Indeed, while many experts are pronouncing that it’s a good time to buy, they don’t make a similarly sweeping recommendation on the optimum time to sell.
That’s reflected in consumer attitudes. The consumer sentiment gauging whether it’s a good time to buy has rebounded, according to an index calculated by Thomson Reuters/University of Michigan. But the index on home selling conditions is still stuck in the doldrums.
Grizzard says that a homeowner should consider selling if there were a relatively low number of similar homes currently for sale in his/her specific market. Another good sign is if the last few comparable sales showed price stability or a gradual uptick. All those conditions fit the lower end of the market in his central Florida area, he adds.
“Some sellers are waiting until the spring,” says Michele Silverman Bedell, principal of Silversons Realty, Scarsdale, N.Y. While that’s the traditional peak season, “Selling a home in any season is usually a function of price and the amount of competition in the market and the number of buyers.”
Ask an agent for “concrete” data on inventory and price trends, suggests Susan Camiliere of RE/MAX Central, Roselle, Ill. “Then don’t listen to what you want to hear, listen to what is real.”
Here, how successful selling hinges on realty realism:
“In recent years, as prices fell in many markets… many were faced with the prospect of selling for less than they paid,” says Justin Sydnor, assistant professor in the Wisconsin School of Business at the University of Wisconsin, Madison.
“We know from research in behavioral economics that those types of perceived losses are very painful – we call this ‘loss aversion,’” he says.
Now, owners are able to accept lower values because time has allowed them to “adjust their expectations,” Sydnor explains.
The loss aversion may also have been exaggerated, Sydnor adds, because sellers tend to focus on a single reference point – like the price they paid.
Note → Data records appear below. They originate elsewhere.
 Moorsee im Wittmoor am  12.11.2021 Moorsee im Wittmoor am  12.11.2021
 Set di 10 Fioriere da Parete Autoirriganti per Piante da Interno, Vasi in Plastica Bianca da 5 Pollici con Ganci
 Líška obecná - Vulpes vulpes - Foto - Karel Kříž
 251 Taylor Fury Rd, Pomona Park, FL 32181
With time, he adds, more homeowners think of their home’s value in context with other parts of their financial lives.
That’s just what Mike Litzner, of Century 21 American Homes, East Meadow, N.Y., says he’s observing. “People are realizing they’re making up the loss on their new home, since they’re getting that for less [than boom year prices] too.”
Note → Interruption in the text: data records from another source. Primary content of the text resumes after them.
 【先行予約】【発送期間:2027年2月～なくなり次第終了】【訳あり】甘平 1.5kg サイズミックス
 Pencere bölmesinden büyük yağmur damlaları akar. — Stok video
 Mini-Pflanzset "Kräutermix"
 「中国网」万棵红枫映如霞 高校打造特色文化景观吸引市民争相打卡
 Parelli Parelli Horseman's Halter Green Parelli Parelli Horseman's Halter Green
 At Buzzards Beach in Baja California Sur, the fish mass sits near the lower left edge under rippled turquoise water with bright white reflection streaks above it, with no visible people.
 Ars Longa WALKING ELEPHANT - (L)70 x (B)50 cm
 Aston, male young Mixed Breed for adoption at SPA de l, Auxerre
Sellers are also weighing the costs of not moving, Camiliere says. Downsizing, for example, might eliminate paying expensive mortgage and maintenance bills, she explains. Then, there’s the cost of lost opportunities. “Maybe you’d like to move to be closer to your grandchildren, and they’re growing up.”
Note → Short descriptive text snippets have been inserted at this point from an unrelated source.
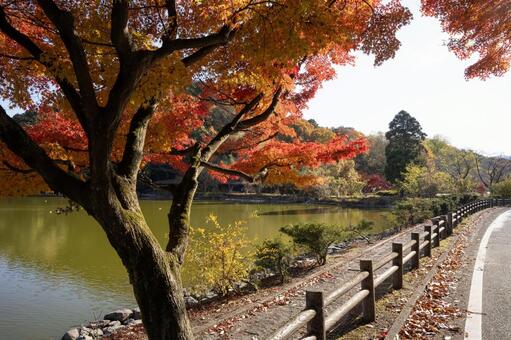 三島池の紅葉 三島池,紅葉,もみじの写真素材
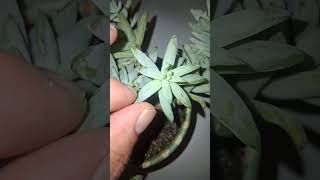 ( DONKEY TAIL FLOWER GROWING START TO FINISH) #flower #garden #donkeytail #flower #nature #succulent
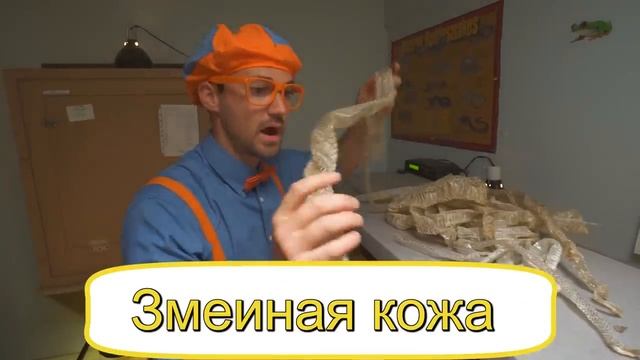 Блиппи (Blippi) -Блиппи на строительной площадке   Изучай этот мир вместе с Блиппи   Обучающие видео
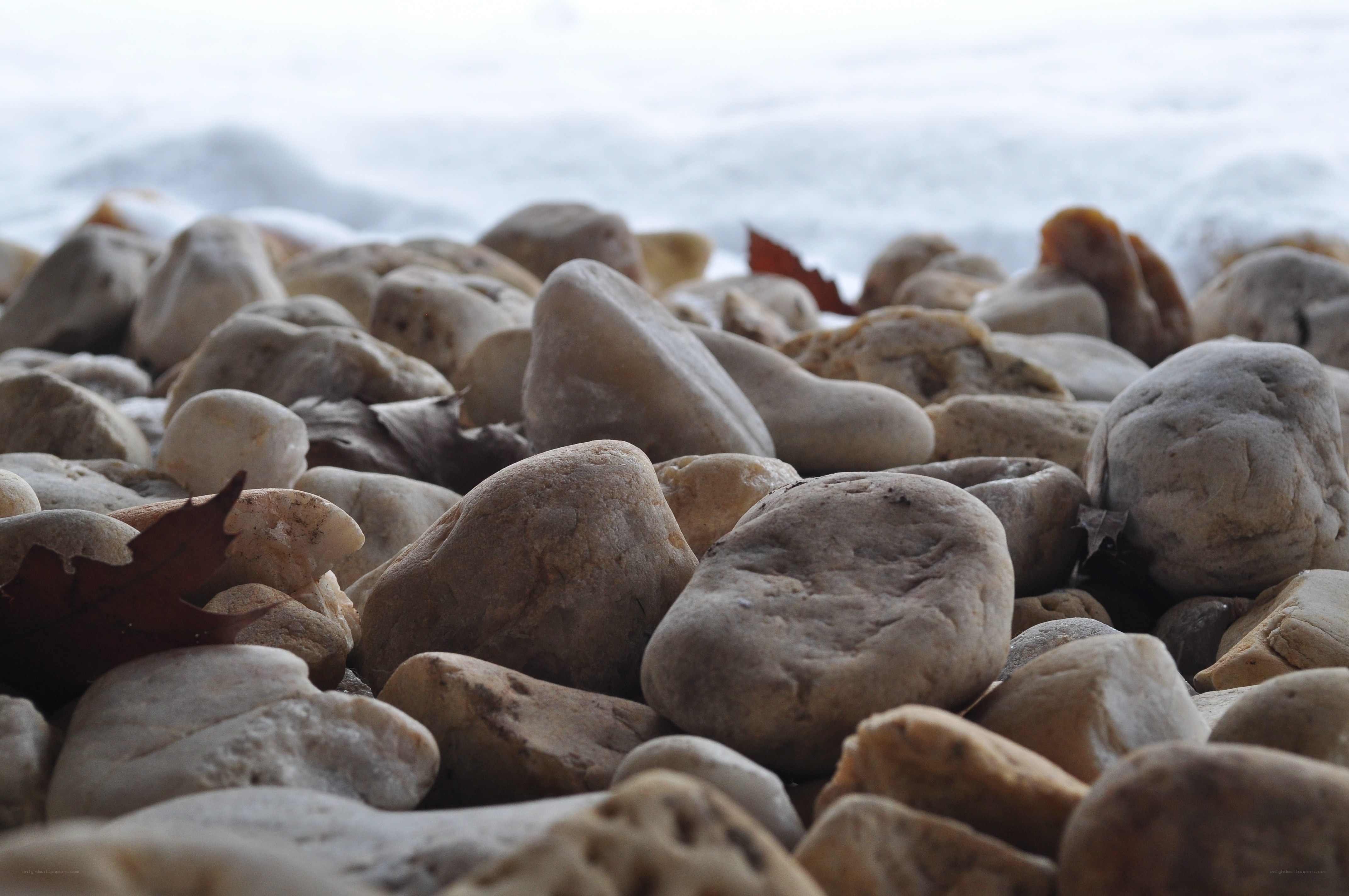 rocks by the water's edge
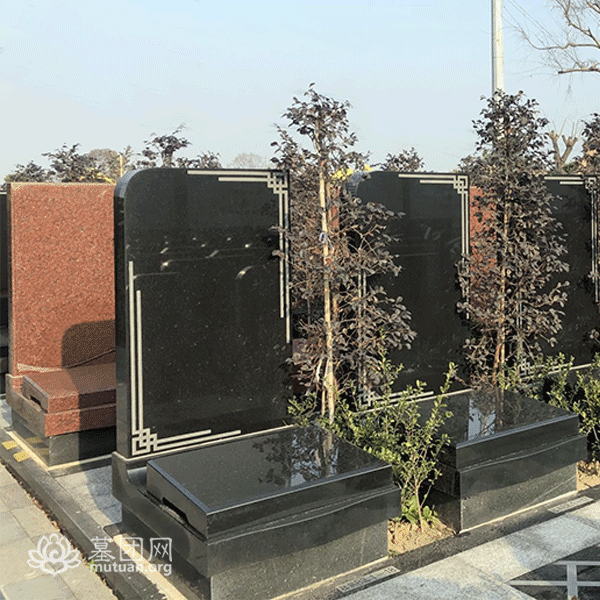 杜鹃B区 墓型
It’s not just price that second-time-around sellers are changing their attitudes about, Camiliere says.
She takes note of the comments that prospective buyers make and informs the sellers. Now, sellers are more amenable to making changes based on those reactions.
It may not be easy to take down wallpaper you love or repaint a room, but sellers who want to be successful this time are determined, she says.